Several years ago, I had a friendly but intense conversation with a gentleman about the nature of God. He didn’t believe in the concept of the Trinity, that the Father, Son, and Holy Spirit are all God. We spent some time discussing the most common scripture references that seem to have something to say on the subject. After our discussion had moved quickly through several of these scriptures, and the weight of the conversation was on him to explain his position, he made a comment that I have not forgotten, though most of the rest of the discussion has slipped from my mind. He said something like this, “You know, the idea that God is three persons always bothered me even before I became convinced of my view.”

More recently, I had another conversation with a young man who says he doesn’t believe that Christians should meet every Sunday as we do today. He indicated that the Christians in the Bible did not gather in church buildings or participate in many of the activities churches are involved in today. So, he concluded that Christians are not expected to “go to church.” We didn’t have much opportunity to discuss the issue, but I briefly told him that I both agreed and disagreed with what he was saying, that the early church did not have church buildings, but that they did meet everyday for fellowship and encouragement. A little later in the conversation he said something like this, “I’m not very good with people, so I am uncomfortable when I go to church.”

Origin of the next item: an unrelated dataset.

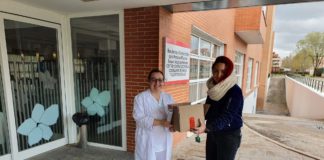 La concejala de Salud, Blanca Ibarra, repartiendo el material donado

Both of these men have something in common: their convictions seem to be largely the product of preconceived notions. The first gentleman indicated that he already held his view before he came to the Bible to study it. The second gave a very similar statement, one that would indicate that his views of meeting with the church are more influenced by his personality and social inclinations than by unbiased Bible study.

These men seem to have another thing in common: they don’t realize or want to admit how strongly their preconceived notions influence their views.

Which makes me wonder…

What about my views? What about the convictions I hold so strongly? Are they a product of honest inquiry, or did I reach my conclusions before I ever started to explore them?

I am sure I have lots of assumptions and I don’t even realize what they are.


2 thoughts on “Preconceived Notions

  1. Thanks Clint. Good article.

    We all bring biases to the text or to any situation. At this point, I don’t think its possible, or even desirable to remove those. They make up who we are. I think the best thing is to be aware as much as possible of our biases and loop that awareness back into our thinking.